Ricardo Franco Vicario

El viernes, día 9 de Septiembre, mientras desayunaba, me di cuenta de que la miel que utilizo para edulcorar el café, lleva la marca “Cerro de la Reina”. 

Pensativo y afectado, como un elemento más de ese subconsciente colectivo, recibí con tristeza el fallecimiento de la reina Isabel II, con la críptica frase en la portada del periódico: «El Puente de Londres ha caído».

Por mi cabeza pasaron 70 años de mi propia historia, en la que esta monarca había estado siempre como telón de fondo, al igual que todos los importantes personajes coetáneos de parte del siglo XX y XXI.

Seamos o no partidarios de tal o cual modelo político, los humanos incorporamos al mundo de nuestros recuerdos, de nuestras filias o de nuestras fobias; en definitiva a nuestras representaciones mentales, a aquellas personas ajenas a la realidad de nuestra vida cotidiana, familiar, laboral, social. 

Lo mismo ocurre con nuestros artistas (pintores, escritores, actores, músicos…) preferidos, pertenezcan o no al tiempo que nos ha tocado vivir.

Se establecen con ellos vínculos de referencia que acaban adquiriendo la categoría de “pertenencia”, cuando el personaje en cuestión nos es empático, aunque nunca hayamos tenido ocasión de tratarlo, ni tan siquiera de haberlo visto físicamente a distancia, con motivo de un evento multitudinario, a los que nunca acudo por mi innata adversión a los gregarismos de masas ingentes.

Crean un sentimiento, que luego aflora en emoción, cuando les ocurre algo importante en sus vidas, y en tristeza cuando desaparecen.

Es la metáfora de la canción de Camilo Sexto: “Algo de mi, algo de mi… se está muriendo”.

Nos devuelven a la realidad la condición finita y escasamente visible de nuestra propia existencia. 

Se incorporan como invitados en nuestro particular “almario”. 

Algunas personas hablan de ellos, como si formasen parte de un íntimo círculo de amistades.

Cuando tienen ocasión de estar físicamente próximos, con motivo de acudir a algún acto como espectadores, se abalanzan para tocarles, darles la mano o abrazarles; sintiendo —hoy día con las nuevas tecnologías— un placer infinito si consiguen un selfie con su ídolo.

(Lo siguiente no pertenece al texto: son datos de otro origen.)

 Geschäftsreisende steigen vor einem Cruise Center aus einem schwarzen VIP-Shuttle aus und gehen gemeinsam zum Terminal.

En definitiva se genera precisamente eso: una idolatría (persona o cosa por la que se siente un amor o admiración excesivos).

Una breve digresión: 

Dicen que el Athletic, no es un club, es un sentimiento.

Una socia de este equipo bilbaíno, que tantos momentos de gloria nos ha proporcionado; también serios disgustos, me comentó que una vez, estando de turno de tarde como enfermera en el Hospital Universitario Basurto, vió aparecer por la puerta de la sala donde trabajaba al famoso portero del equipo: José Ángel Iribar (el Txopo). 

Su presencia le provocó tal intensa emoción que se lanzó sobre él y le plantó un par de besos.

Tuteándole, se ofreció a conducirle a la habitación del amigo a quien el futbolista había venido a visitar. 

En realidad no le conocía de nada, y nunca había tenido ocasión de tenerlo tan cerca.

Los que presenciaron el gesto y la actitud de cercanía de la enfermera, pensaron, con envidia, que Iribar y la sanitaria eran amigos de toda la vida.

Volviendo al “Puente de Londres ha caído”, a mi amerengada pena por la desaparición de este icono de la nación más tradicional de Europa, y a la miel de mi desayuno, comprobé que el tarro de mi edulcorante preferido se había terminado…

Y me sentí adivino por la premonición.